Delivery of prehospital thrombolytic therapy could be achieved widely throughout the UK. The major limits to its effectiveness would be either failure in some patients to achieve reopening of the culprit artery or later arterial re-occlusion after successful initial thrombolysis. Primary percutaneous coronary intervention (PCI) can achieve a higher rate of arterial re-opening, can be performed safely and is being developed and promoted in some areas as the preferred approach to reperfusion for acute myocardial infarction.24 However, due to various geographic and resource constraints, this approach to treatment is not widely available yet.

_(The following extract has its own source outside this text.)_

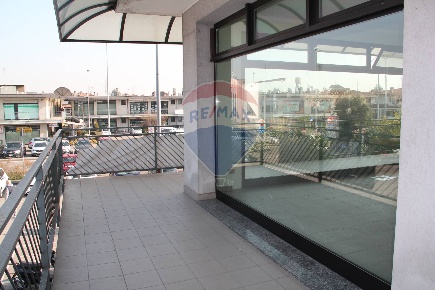 Foto Negozio in via rodari, Trezzano Rosa di 70 m² con 1 locali in vendita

Bennefoy et al compared the outcome from primary angioplasty with that following prehospital thrombolytic therapy and rescue angioplasty in the 25% of cases with suspected failed thrombolysis.25 This latter approach yielded the lowest mortality figures (3.8%) recorded in the treatment of AMI in a large clinical trial, and suggested a 1% mortality advantage from early thrombolytic therapy and selected rescue angioplasty. The benefits of thrombolytic therapy and primary PCI may be complementary rather than mutually exclusive. Potential benefits of using thrombolytic therapy and/or platelet inhibitors before urgent facilitated PCI include rapid restoration of brisk coronary flow, enhanced tissue reperfusion, and greater myocardial salvage. It may be that optimal reduction in mortality and morbidity could be achieved by early paramedic-delivered thrombolytic and/or antithrombotic therapy and subsequent urgent PCI.

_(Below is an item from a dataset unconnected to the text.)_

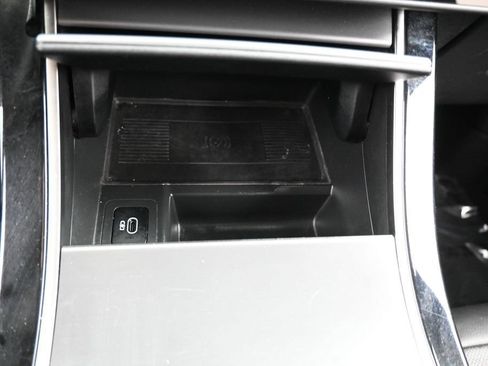 Used 2025 Land Rover Range Rover Velar Dynamic SE AWD/4WD image 27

It is hoped that further studies will clarify the most effective early approach to therapy for patients with AMI, and that expansion of facilities for primary PCI will make this therapy available with appropriate speed to a much larger number of patients. For the present, early delivery of thrombolytic therapy remains the goal for attempting to achieve early reperfusion in the majority of patients. Our study adds to the body of evidence showing that paramedics in the prehospital setting can achieve this promptly, safely and effectively. We suggest that provision of prehospital thrombolytic therapy should be considered not only in rural communities, but also in urban areas, where traffic congestion may contribute to substantial delays in access to acute hospital services.